What Is P/E Ratio? Explained With Simple Examples
By Today Best Stock | Updated: March 19, 2026
What is P/E Ratio? If you’ve ever looked at a stock, you’ve likely seen the term “P/E.” But what does it actually mean for your money?
In this guide, we break down the Price-to-Earnings (P/E) ratio using simple examples so you can understand whether a stock is cheap or expensive.
The P/E ratio tells you how much the market is willing to pay today for every $1 of a company’s earnings.
The P/E ratio helps investors evaluate whether a stock is fairly priced.
Disclaimer: This article is for educational purposes only and not financial advice.
Key Takeaways
- ✔ P/E Ratio = Stock Price ÷ Earnings Per Share (EPS)

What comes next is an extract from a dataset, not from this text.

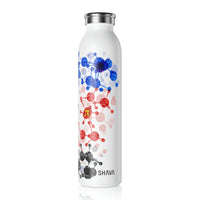 Thumbnail for Polyamory Flag Slim Water Bottle Houston Pride - My Rainbow is In My DNA SHAVA CO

- ✔ High P/E = high growth expectations
- ✔ Low P/E = possible undervaluation (or weak growth)
P/E Ratio Formula
P/E Ratio = Stock Price ÷ Earnings Per Share (EPS)
Example: If a stock price is $100 and earnings per share is $10:
P/E = 100 ÷ 10 = 10
This means investors are paying 10x the company’s yearly earnings.
Simple Example (Lemonade Stand)
Imagine a lemonade stand:
- Profit: $100 per year
- Price: $1,000
- P/E Ratio: 1000 ÷ 100 = 10
You are paying 10 years of profits to own the business.
Types of P/E Ratios
| Type | Meaning | Use |
|---|---|---|
| Trailing P/E | Past 12 months earnings | Historical analysis |
| Forward P/E | Future estimated earnings | Growth expectations |
High P/E vs Low P/E
- High P/E: Investors expect strong future growth
- Low P/E: Stock may be undervalued or slow-growing
Important: Always compare P/E within the same industry.
Key Risks to Consider
- Earnings Manipulation: Accounting can distort earnings
- Value Trap: Low P/E doesn’t always mean cheap
- Growth Slowdown: High P/E stocks can fall fast
Final Verdict
- ✔ Use P/E to compare similar companies
- ✔ Always combine with other metrics
- ✔ Think of P/E as the “price of future earnings”
FAQs
What is a good P/E ratio?
Typically 15–20, but varies by industry.
Can P/E be negative?
Yes, if the company has no profit.
Is high P/E bad?
Not always—it can reflect strong growth expectations.